FELIX GUISARD E O CELSO >> Sergio Geia
Outro
dia caiu-me às mãos o livro “Felix Guisard – A trajetória de um pioneiro”, de
Claudia Martins, da Cabral Editora e Livraria Universitária, que adquiri em 2009, que já tinha lido, que adormecia na estante, mas que, por uma curiosidade qualquer, voltou-me às
mãos. Na verdade, a história do empresário Felix Guisard, contada por Claudia, se
confunde com a história da Companhia Taubaté Industrial, nossa primeira grande
indústria que empregava cerca de 2000 trabalhadores, e com a própria história
da cidade de Taubaté; Claudia, uma jornalista, resgatou o passado como trabalho
de conclusão de curso.
A
curiosidade era uma foto que muito apreciei: uma multidão de operários em
frente à fábrica por ocasião do cinquentenário da CTI, em 1941. Um magnífico
registro histórico. Pois sempre que passo por lá, e vejo a fachada da fábrica,
me deita na mente aquela multidão de trabalhadores.
Felix
Guisard foi contemporâneo de Monteiro Lobato. No livro, há uma carta muito
interessante escrita por Monteiro Lobato a Felix Guisard Filho, dois dias após
a morte de Felix Guisard, pág. 155: “São Paulo, 31-03-42. Prezado amigo Felix
Guisard: Não me surpreendeu a morte de seu pai. Em Ubatuba ele me contou a
história daquele diabetes, com que entrara em maravilhosa entente cordiale e
nós sabemos o que valem essas ententes quando oitenta e tantos anos se metem de
permeio. Morreu gloriosamente, pois suponho que conservou aquela lucidez e
aquele encanto de espírito que nos surpreendia. Seu pai não soube o que foi
decadência mental — essa suprema tragédia. Naquele inesquecível regresso de
Ubatuba tive ensejo de espantar-me da absoluta perfeição com que aquele cérebro
funcionava — e não me lembro de caso semelhante. Curioso, amigo Felix: seu pai,
que só conheci por algumas horas, foi talvez a criatura que me inspirou mais
respeito pela espécie humana. Luminosas horas foram as em que tive a honra de
tratar com um varão de tantas e tão altas superioridades.

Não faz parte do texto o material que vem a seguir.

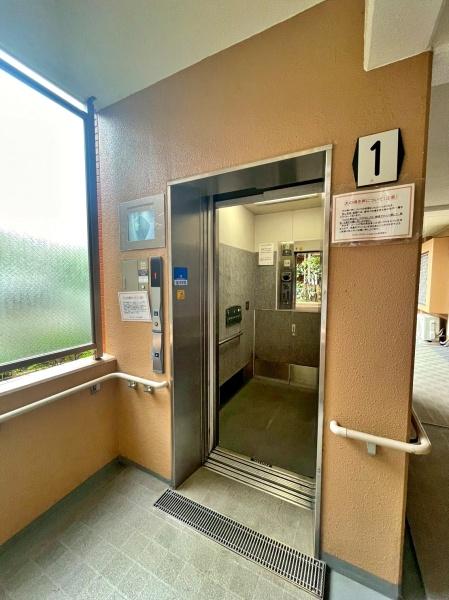 �����s�����q�s�U�c��5���ڂ̒��Ã}���V�����̂��̑����p��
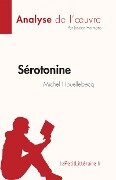 Sérotonine de Michel Houellebecq (Analyse de l'oeuvre) - Jessica Hermans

E, pois, em vez de
pêsames com cheiro de cravo de defunto, receba meus parabéns por ser filho de
tal Homem. Um grande abraço de Monteiro Lobato.”
Outro
pedaço também precioso é o escrito na
pág.13, do qual peço a permissão para transcrever dois parágrafos:
“Oito
horas da manhã. Para muitos o dia ainda está apenas começando. Na cidade de
Taubaté, interior de São Paulo, uma sirene estridente toca por cerca de dez
segundos. Boa parte da cidade ouve o sinal e percebe que é hora de trabalhar,
mesmo os que já estão trabalhando desde as seis horas ou os que vão pegar no
batente às nove. Alguns até estão chegando em casa nesse horário, depois da
noite cansativa dentro de uma fábrica. Outros tantos saem à procura da
concorrida vaga no mercado.
Mas
o apito, insistente e pontual, avisa que é preciso trabalhar. É o grito do
patrão chamando os operários. A cidade ouve, compreende e prossegue com sua rotina,
calada. O som, já cristalizado no ouvido desses trabalhadores, tornou-se comum
e já faz parte da orquestra do cotidiano.”
Tive
enorme satisfação quando terminei a leitura desse livro, que resgata um pouco
da história de Taubaté, isso lá pelo mês de outubro de 2009, e a tive de novo
agora, ao ler novamente a carta de Lobato e o escrito da página 13.
Por
fim, já no crepúsculo desta crônica, imagino que o honrado leitor, se atento for,
principalmente com o título dela, como acredito que deva ser, possa estar a se
perguntar “mas que diabos de Celso é esse que se impõe diante de figuras tão
ilustres?”. E com razão, estimado amigo, e com razão. Mas não se aborreça, pois
hei de esclarecer.
Não
menos ilustre, meu contemporâneo de ofícios prestados à Municipalidade, Celso
Ribeiro, é o responsável pelo acionamento do apito da Companhia Taubaté
Industrial nos dias de hoje. Vi outro dia numa reportagem que passou na
televisão. A Companhia Taubaté Industrial, há tempos desativada, teve seus
prédios ocupados pelas repartições da Prefeitura e pela Universidade de
Taubaté, e mesmo não funcionando mais, pontualmente às oito da manhã, ao meio-dia,
às quatorze horas e às dezoito, o apito toca.
Uma
alegria, uma grandiosa alegria. Passei minha infância ouvindo o apito, ele faz
parte da história da Companhia Taubaté Industrial, da história de Taubaté, e,
por que não dizer, da minha história. Confesso que hoje, sempre que o escuto,
eu penso: “É o Celso. Grande Celso!”.